Forward looking statement notice

 

Statements made in this Form 10-Q that are not historical or current facts are "forward-looking statements" made pursuant to the safe harbor provisions of Section 27A of the Securities Act of 1933 (the "Act") and Section 21E of the Securities Exchange Act of 1934. These statements often can be identified by the use of terms such as "may," "will," "expect," "believe," "anticipate," "estimate," "approximate" or "continue," or the negative thereof. We intend that such forward-looking statements be subject to the safe harbors for such statements. We wish to caution readers not to place undue reliance on any such forward-looking statements, which speak only as of the date made. Any forward-looking statements represent management's best judgment as to what may occur in the future. However, forward-looking statements are subject to risks, uncertainties and important factors beyond our control that could cause actual results and events to differ materially from historical results of operations and events and those presently anticipated or projected.
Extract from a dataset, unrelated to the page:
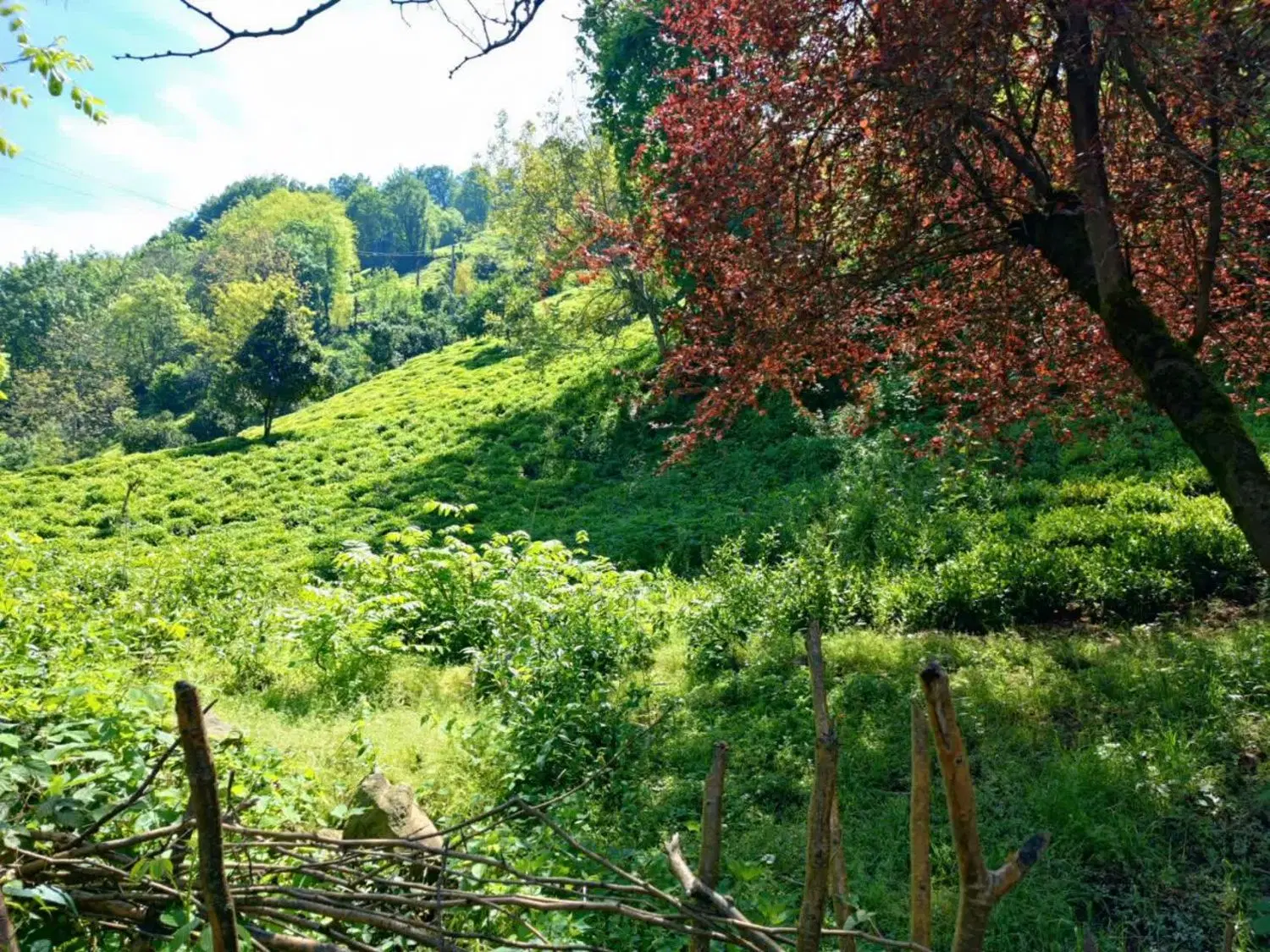زمین در بلوردکان املش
We disclaim any obligation subsequently to revise any forward-looking statements to reflect events or circumstances after the date of such statement or to reflect the occurrence of anticipated or unanticipated events.

 

Financial information contained in this quarterly report and in our unaudited interim financial statements is stated in United States dollars and are prepared in accordance with United States generally accepted accounting principles.

 

General

 

Wike Corp. was incorporated in the State of Nevada on November 11, 2014 and established a fiscal year end of December 31. We have generated limited revenues, have minimal assets and have incurred losses since inception. We are formed to commence operations in ornamental ribbons production, such as printing on ribbons. We have recently started our operation.

 

On April 6, 2017, Corina Safaler, the Company's Director and CEO, completed a transaction with Wentao Zhao, by which Mr. Zhao acquired 4,500,000 shares of common stock, representing 74% ownership of the Company. Mr. Zhao paid $305,000.00 in cash. On the same date, the shareholders of the Corporation voted Ms. Sreyneang Jin as Director, and CEO, and Mr. Gim Hooi Ooi as CFO. The new management decided to cease the existing business of printing ornamental ribbons, and will explore new business plan that will generate sufficient cash flow and profits to the Company.

 

Product

 

Our product can be represented by range of goods using printing machine that we have purchased. Products include, but not limited to: ribbons, notebooks, plastic items and other printed goods of that kind, but we specialize only on ribbons printing until our business will be well established and successful. Maximum printing heights is 350 mm, which widens the range of products we can print images on images, gifts packing, personalized greeting cards and ribbons.

 

Initially we plan to enter the market with ornamental ribbons assortment. We plan to produce ornamental ribbons with different size and color for gift making industry and gift-wrapping, weddings, anniversaries also for other related products and events requested by the customer. In this prospectus you can find the additional information attached about our future products, which will be offered to the potential customer. Wike Corp. specializes in printing on personalized ribbons, oriented on the potential customers. With ornamental ribbons you can complete decoration with the ability of printing a personalized message or corporate logos on to the ribbons, making it the perfect finishing touch. Personalized ribbon is a wonderful addition to any gift, or an ideal way to wrap oversized and difficult to wrap items, great for Christmas, birthdays, Valentine’s Day, Mother’s Day and much more. Whatever the occasion, whatever the gift, beautiful presentation can be present from the simplest offering into a special treasure with our printed ribbons.

 

However, after change of management on April 6, 2017, Company will cease the existing business and will have new business plan and new product in the future.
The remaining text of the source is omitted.